Nothing else has taxed it quite that much, so far. It just cruises through every other game (my monitor is only 1920x1200, so oversampling seems to be the only way to bring this GPU to its knees).
Come on, Apple, they've released the mobile versions now. There's no excuse not to get these in the next generation of real Macs.
I'm not much a PC gamer, but the hardest one I had running was Witcher 3 (I think it tops out the GPU), and the EVGA card I have is OC'd out of the box and it runs around 75c under load. The fans kick in and spin at around 50%, but I set a curve on the fan to hit it higher a bit. It's very quiet.
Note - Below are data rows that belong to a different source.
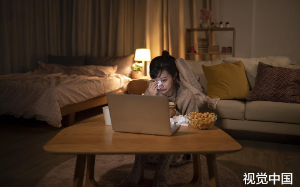 老婆抛下胃癌晚期的我去找初恋，导致我女儿惨死，我也死后，她疯了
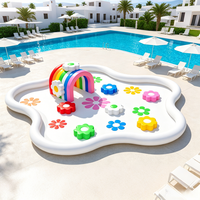 Piscine gonflable en PVC à bords ondulés, piscine à eau colorée avec des fleurs gonflables, arche arc-en-ciel, aire de jeux aquatique d'été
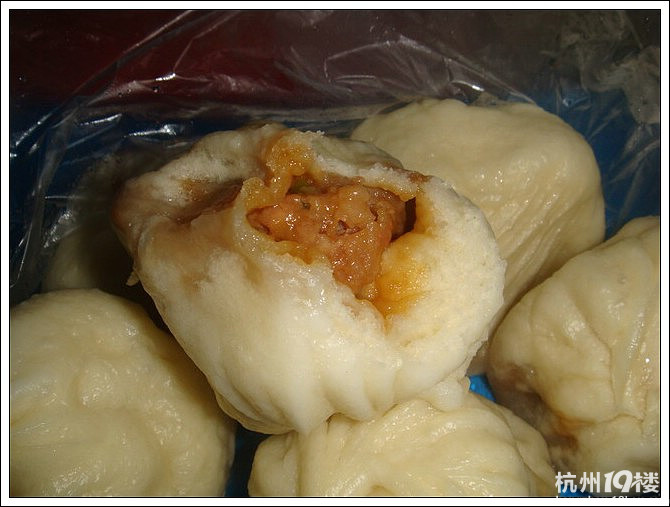【8隊(duì)】小可小貓——喜歡肉包的有木有？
If your case has decent cooling, the GPU shouldn't be hitting the fans at 100%. I think it's the cooler that matters, and from what I've seen the EVGA ACX coolers are really good and quiet.
Also really well programmed apps/games won't hit the card that hard, this thing is a beast and can run on low power for most 3d games. I run at 1440p.
Also regarding the mobile versions, it's crazy they actually put the FULL 1080 Pascal GPU in laptops now (albeit they're fat and wonky)...but it just shows how far GPUs have come.
I really doubt Apple will use nVidia again for a while, they prefer AMD and I assume they get really good prices en masse from AMD on their lower tier GPUs. They even cut a deal on the Trash Pro GPU's where each GPU cost $600 instead of $3000.
I just really wish Apple would give the option to go between AMD and nVidia on iMacs and Mac Pros. They use Xeon and workstation components so I assume they don't want to move to a full consumer desktop platform with the Mac Pros, which is sad because Xeons are the same as i7s, except they usually have more cores that run at lower clock speeds per core.